Senza esitazione alcuna incolpava la malasorte, la sfiga, la sfortuna che la
perseguitava nella vita. Come non essere solidale di fronte a tanto accanimento,
come non comprendere il suo profondo stato di prostrazione nel quale chiunque
sprofonderebbe e come far desistere la sventurata dall’eventuale idea di
compiere insani gesti?
Quelli della mia età, in fondo, sono stati fortunati perchè non passava neppure
per la mente che si potesse stare male per un accanimento così singolare della
sorte.
Mi ritornano alla mente i desideri che elencavo minuziosamente nel perpetuo
diario dei miei sogni da bambino. Anche da grande continuai ad annotarli
minuziosamente, spesso però senza alcun tangibile riscontro!

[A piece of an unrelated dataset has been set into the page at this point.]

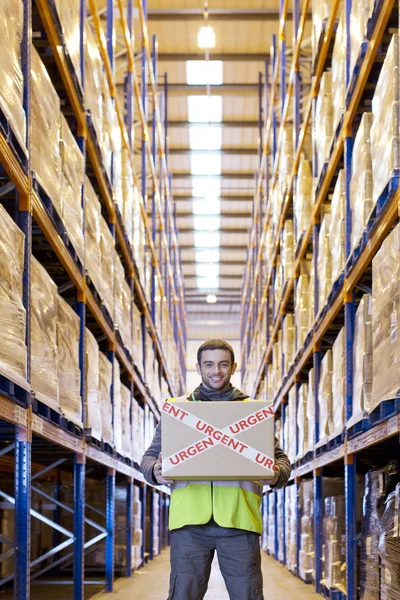 Trabalhador Carregando Caixa Urgente Armazém — Fotografia de Stock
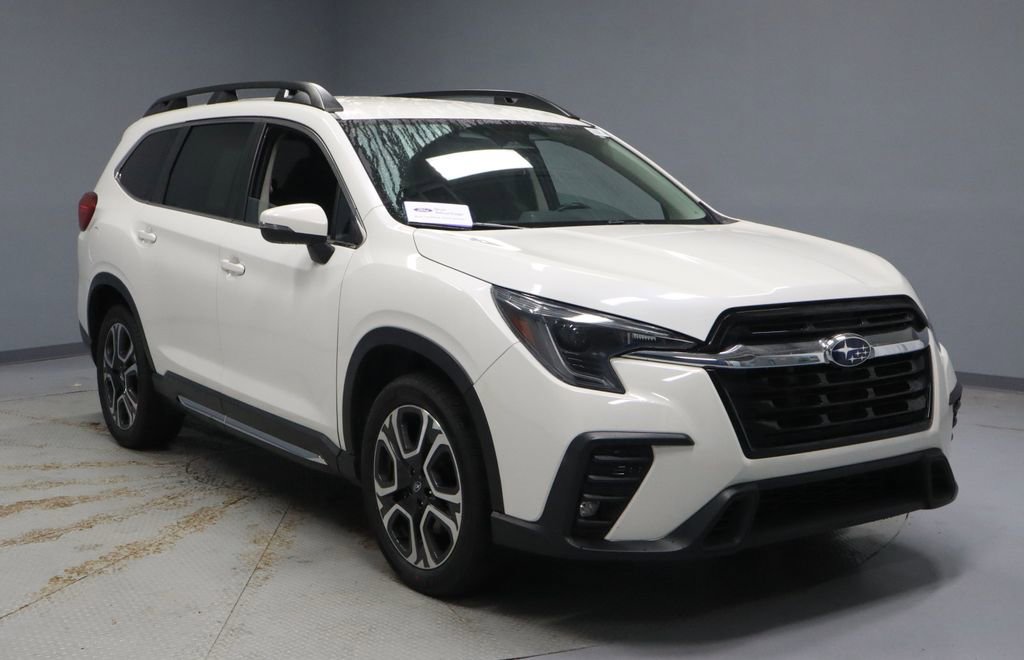 Used 2023 Subaru Ascent Limited AWD/4WD image 1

Quando avevo 6 o 7 anni i desideri avevano il confine delle poche cose
conosciute; quelle viste nelle mani di altri bimbi e, se l’approccio con le cose
era impossibile, si passava a stupendi surrogati costruiti con la sapienza delle
mani o attingendo dalla conoscenza di mio padre o dei più grandi che prima di me
si erano cimentati.
Le rocchette di legno, sulle quali era avvolto il cotone che mia madre usava per
rammendare, diventavano invincibili carri armati capaci di scalare dislivelli
che creavo appositamente per collaudare le mie macchine da guerra.
Bastava una rocchetta, un elastico ricavato dalla camera d’aria di una
bicicletta, un pezzo di candela ed un fiammifero… ed era fatta.
Il lavoro più difficile era dentellare la rocchetta da ambo i lati. Con un
coltello da cucina si incideva il legno tenero asportando triangolini, il più
possibile uniformi.
Si passava l’elastico nel foro fissandolo da un solo lato, poi si proseguiva
facendolo passare attraverso il centro della candela privato del lucignolo e,
con un fiammifero, si bloccava dall’altro lato.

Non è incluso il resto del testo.